Masters dedicates the last narrative chapter, for years 0-10, to an interview with Stuart’s grandparents, Grandma Ellen and Little Bert. Here the trail runs cold: there is nothing they can say about Stuart’s early years that suggests why he has turned out the way he has (even though they know all about Gavvy, who committed suicide while Stuart was in prison), and it is clear that neither of them understands Stuart at all. Structurally, this means that the plot Stuart craved has collapsed by the book’s penultimate chapter. All we are left with at the end is the terrible reminder of Stuart’s senseless death on the train tracks.
Zooming in on Stuart’s obscure and chaotic life, refocusing the biographical lens, Masters presents the city of Cambridge from a new perspective. In the doorway next to the discount picture-framing shop, where he first crouches down with Stuart, he observes the ‘legs of Christmas shoppers and delayed businessmen’ in this new ‘two-foot-high world, shared with dogs and children’. He smells street grime, the wind, and the ‘hot underwear of passers-by’, which is ‘not unpleasant, rather like salami’. Looking through Stuart’s eyes, Masters metaphorically and literally redraws the city. He has taken Stuart’s mental map of Cambridge and set it down in ink on the end-papers of his book. One or two of the city’s famous landmarks survive: King’s College Chapel is there, along with the Catholic church. A punt on the Cam makes it too, filled with people in boaters clutching bottles, accompanied by the label ‘W*nky C*nts’. The other landmarks aren’t on the tourist trail: Cambridge police station, a mean-looking place, sits at the centre of the map. The monstrous Lion Yard shopping centre is there, along with the bus station, the magistrates’ court, a burned-out squat, two hostels for the homeless. A few outlying villages are included, scrappy places that surround the famous centre which are not themselves famous or remarkable or even pretty: Fen Ditton, where Stuart lived as a child; Waterbeach, where he had his bedsit and near where he died. HMP Whitemoor makes an appearance, and arrows point off the edges towards other prisons: HMP Grendon, HMP Winchester, HMP Norwich.

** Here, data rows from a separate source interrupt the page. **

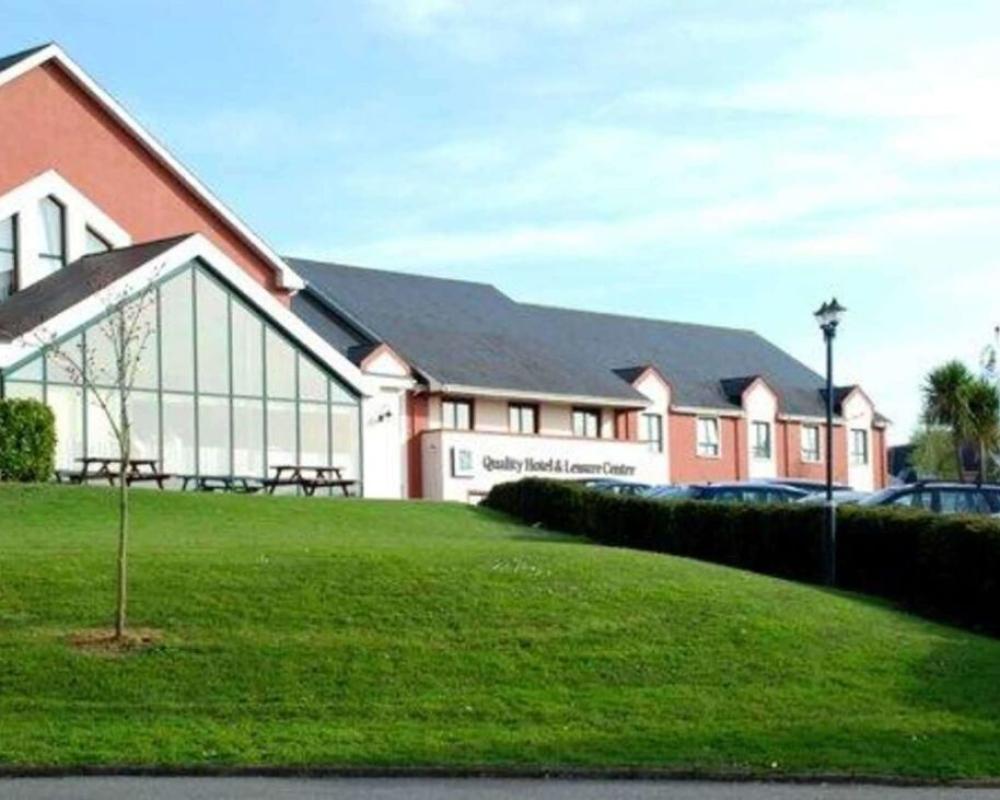 Clonakilty Park Hotel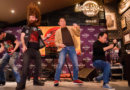 Roppongi Rocks Air Guitar Competition 2024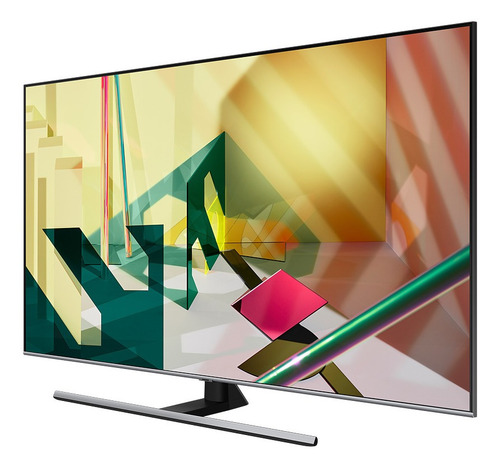 Ambilight Samsung Qled 65q70t 4k 120 Hz (Usado)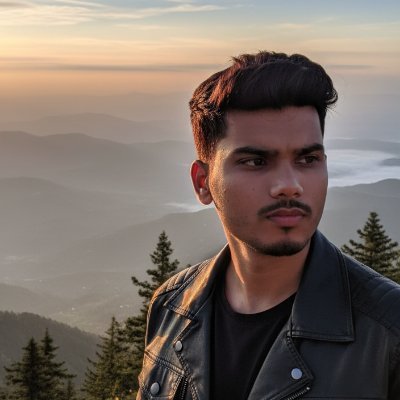 Adarsh1912dev's profile picture. Computer Science student with strong DSA skills (600+ problems solved). Learning MERN stack, exploring Linux (Fedora+Hyprland), and diving into cloud computing.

Masters also tells the story of his own evolving relationship with his subject. When Stuart first visits him in his flat, he is afraid to leave him alone in case he makes off with something. By the end, they are lending each other money and Masters is eager to point out that Stuart always pays him straight back. As the two become friends, Stuart worries about his mental state. He wants to get a psychiatrist to say that he is insane: he thinks that if his problem can be given a label there might be a drug that could help. Masters breaks off a description of Stuart’s new-found domestic happiness in his bedsit – bacon sandwiches for his guest – to explain that he is thinking of sticking a reflective sheet over his bedsit window to ‘stop them spying on me’. He also plans to block up the air vent in the kitchen because there could be microphones hidden between the slats. As Stuart says, ‘you got to think about these things when you’re redecorating.’ Masters isn’t unsettled by such neuroses, but he finds some things – Stuart’s account of putting a knife to the throat of his baby son, the ‘little ’un’, for example – harder to take. ‘This crime appals me,’ he writes. So, too, does his behaviour in prison. But he makes it clear that he is never afraid of Stuart. Masters’s affection is obvious, and it grows. He comes to understand and respect Stuart, and his sympathy makes the book work. Towards the end he writes:
People like Stuart – the lowest of the low on the streets, outcasts even among outcasts, the uneducated chaotic homeless, the real fuck-ups – people who’ve had their social and school training lopped off at 12: they simply don’t understand the way the big world works. They are as isolated from us normal, housed people as we are from them. If Stuart is a freak, then it is for opposite reasons: it is because he has had the superhuman strength not to be defeated by this isolation.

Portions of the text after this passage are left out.